For the element we are looking for, call it the pivot element, both the left and right neighbours are greater than the pivot element. This is the only element in a circularly sorted array with this property.

So, our goal is to find the pivot element. We already know that the array has been sorted - so we can use binary search to look for the pivot element. We compute the middle element of the array, call it mid and search in the left and right halves of the middle element. Let’s call the lower index low and higher index high for the purposes of computation. So, we compute the middle element as mid = (high - low) / 2. The neighbours of this middle element, called prev and next are computed as prev = (mid + 1) % n where n is the size of the array (since it is circularly sorted we need to wrap around and hence we do this modulo n operation) and next = (mid + n -1) % n. Now, if mid turns out to be our pivot element, i.e. we check for pivot property, we are done - we just return mid as the result. Otherwise, we keep moving low and high to decide which half of the array we want to search for the pivot element. Recollect that we know the array is (circularly) sorted and this makes our job easier. For example, if the element at mid is less than the one at high we can deduce that the right half of the array is sorted, and so we adjust high to be mid - 1 (i.e. make left half our focus of pivot element search).
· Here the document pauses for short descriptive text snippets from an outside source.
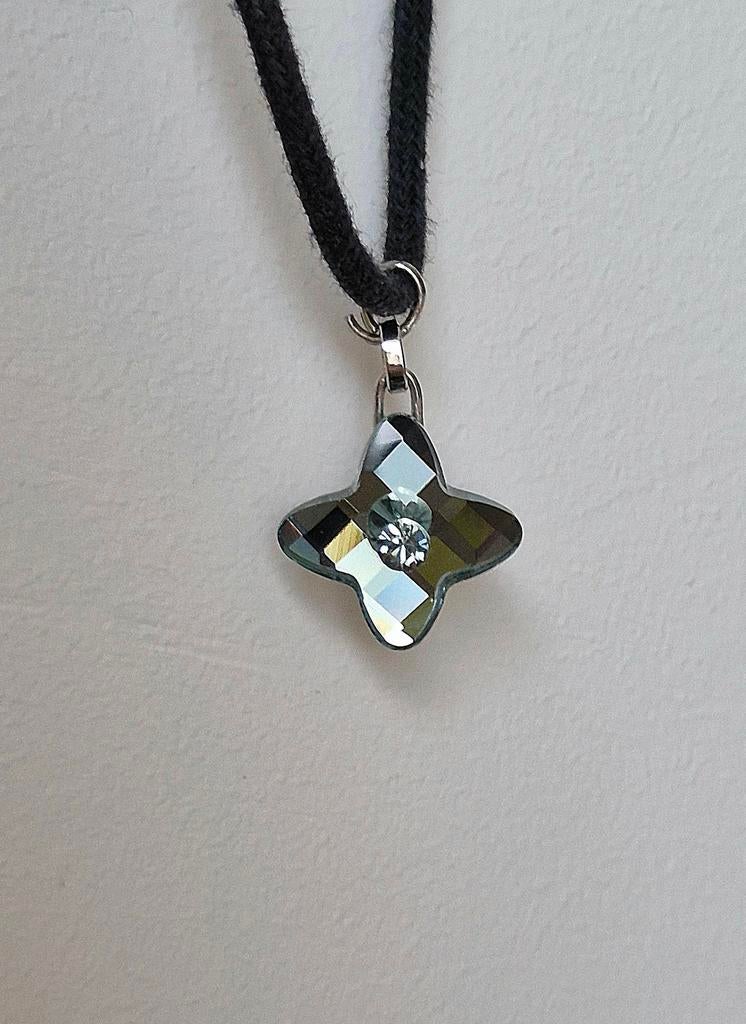 Swarovski hanger met steentje, Glas of Kristal, Ophalen of Verzenden, Zo goed als nieuw, Kruis of Symbool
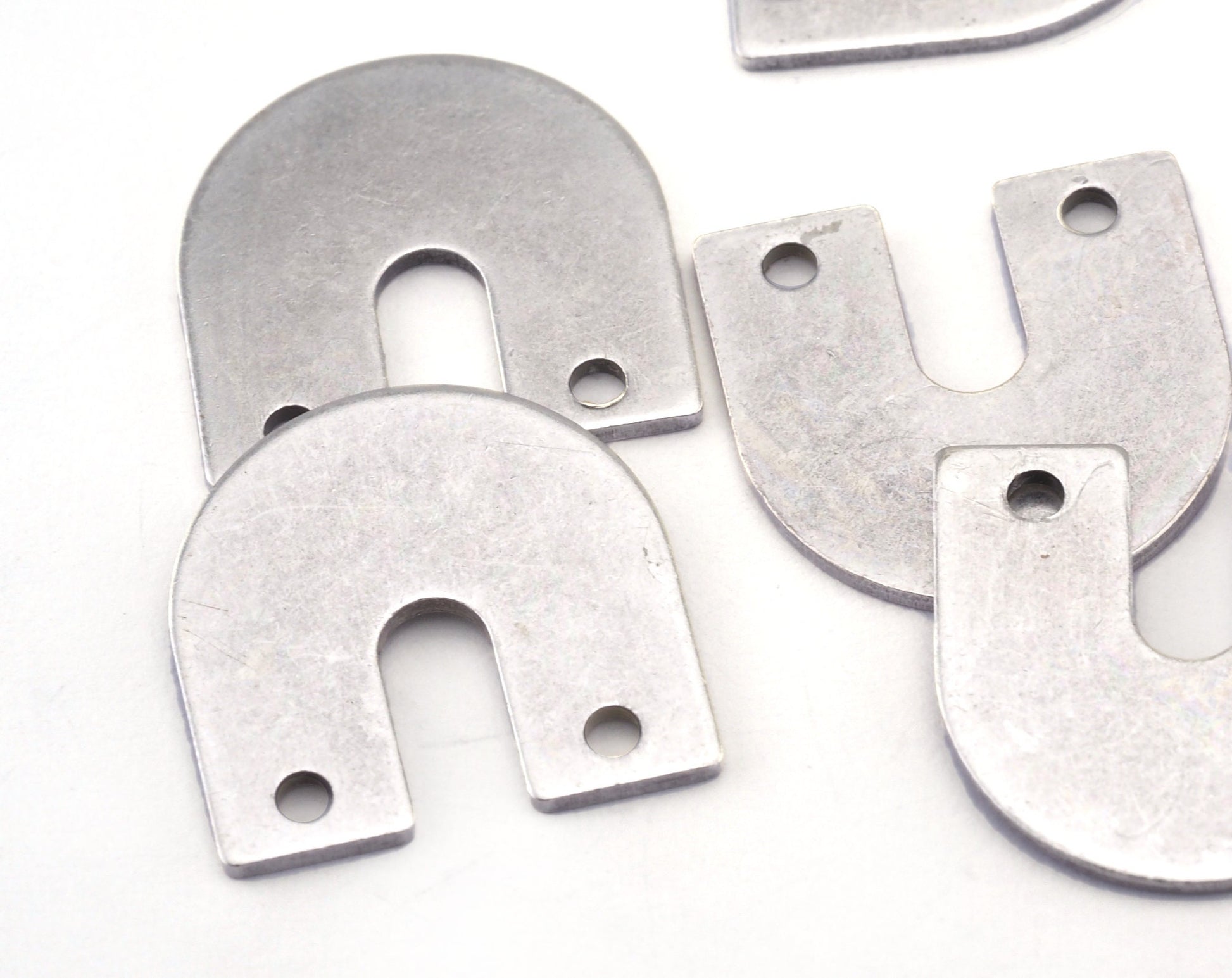 Magnet shape semi circle 15x15x0.8mm antique silver plated brass findings scs oz2788-120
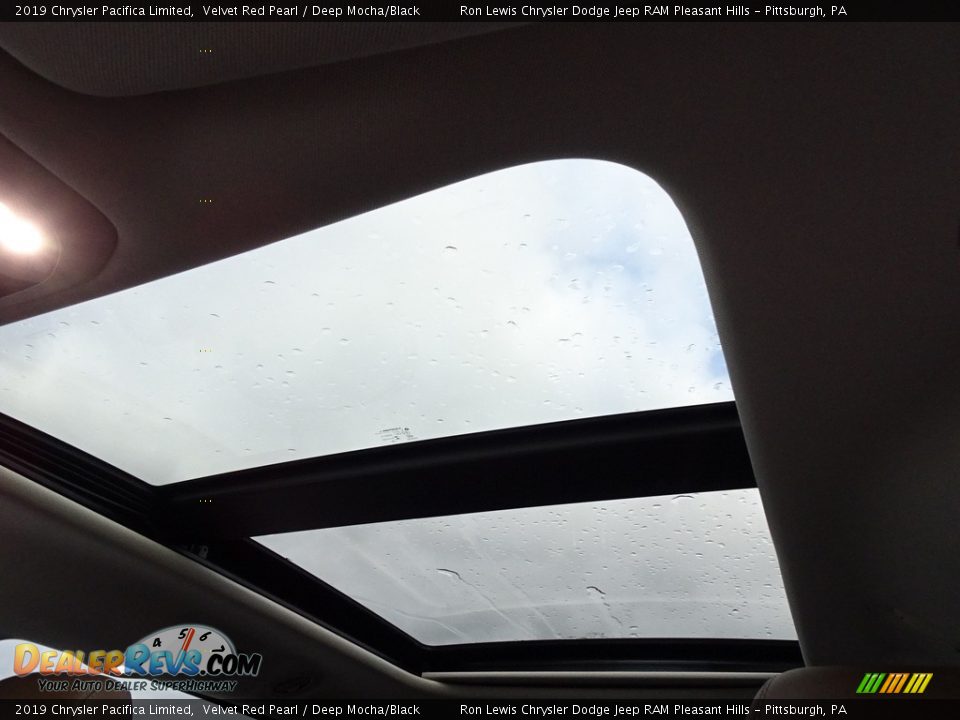 2019 Chrysler Pacifica Limited Velvet Red Pearl / Deep Mocha/Black Photo #17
int rotation_count(int A[], int n) {
  int low = 0;
  int high = n-1;
  int mid = (high - low) / 2;
  int next, prev;
  while (low <= high) {
    if (A[low] <= A[high])
        return low;
    next = (mid + 1) % n;
    prev = (mid + n - 1) % n;
    // check pivot element property!
    if (A[mid] <= A[next] && A[mid] <= A[prev])
        return mid;
    else if (A[mid] <= A[high])
        high = mid - 1;
    else if (A[mid] >= A[low])
        low = mid + 1;
    }
}

Isn’t it interesting? That’s all for now!